Genetically engineered crops, glyphosate, and the deterioration of health in the United States of America

Nancy L. Swanson, Andre Leu, Jon Abrahamson, and Bradley Wallet
Journal of Organic Systems 9(2), 2014
Open access:
http://www.organic-systems.org/journal/92/JOS_Volume-9_Number-2_Nov_2014-Swanson-et-al.pdf

Abstract

A huge increase in the incidence and prevalence of chronic diseases has been reported in the United States (US) over the last 20 years. Similar increases have been seen globally. The herbicide glyphosate was introduced in 1974 and its use is accelerating with the advent of herbicide-tolerant genetically engineered (GE) crops. Evidence is mounting that glyphosate interferes with many metabolic processes in plants and animals and glyphosate residues have been detected in both. Glyphosate disrupts the endocrine system and the balance of gut bacteria, it damages DNA and is a driver of mutations that lead to cancer.

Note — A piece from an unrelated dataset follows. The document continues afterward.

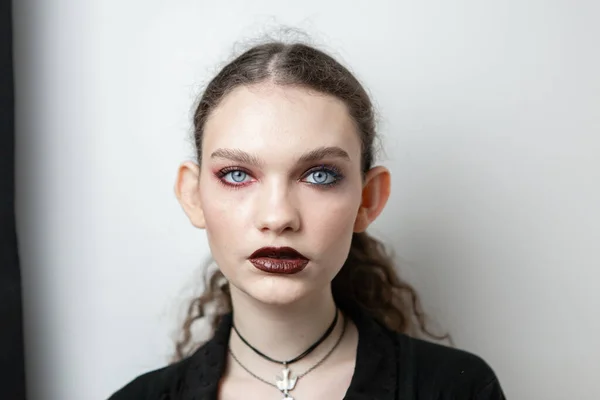 Retrato Uma Menina Com Uma Aparência Bonita Incomum Com Maquiagem — Fotografia de Stock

In the present study, US government databases were searched for GE crop data, glyphosate application data, and disease epidemiological data. Correlation analyses were then performed on a total of 22 diseases in these time-series data sets. The Pearson correlation coefficients are highly significant (< 10[-5]) between glyphosate applications and hypertension (R = 0.923), stroke (R = 0.925), diabetes prevalence (R = 0.971), diabetes incidence (R = 0.935), obesity (R = 0.962), lipoprotein metabolism disorder (R = 0.973), Alzheimer’s (R = 0.917), senile dementia (R = 0.994), Parkinson's (R = 0.875), multiple sclerosis (R = 0.828), autism (R = 0.989), inflammatory bowel disease (R = 0.938), intestinal infections (R = 0.974), end stage renal disease (R = 0.975), acute kidney failure (R = 0.97 8), cancers of the thyroid (R = 0.988), liver (R = 0.960), bladder (R = 0.981), pancreas (R = 0.918), kidney (R = 0.973) and myeloid leukaemia (R = 0.878). The Pearson correlation coefficients are highly significant (< 10[-4]) between the percentage of GE corn and soy planted in the US and hypertension (R = 0.961), stroke (R = 0.983), diabetes prevalence (R = 0.983), diabetes incidence (R = 0.955), obesity (R = 0.962), lipoprotein metabolism disorder (R = 0.955), Alzheimer’s (R = 0.937), Parkinson's (R = 0.952), multiple sclerosis (R = 0.876), hepatitis C (R = 0.946), end stage renal disease (R = 0.958), acute kidney failure (R = 0.967), cancers of the thyroid (R = 0.938), liver (R = 0.911), bladder (R = 0.945), pancreas (R = 0.841), kidney (R = 0.940) and myeloid leukaemia (R = 0.889). The significance and strength of the correlations show that the effects of glyphosate and GE crops on human health should be further investigated.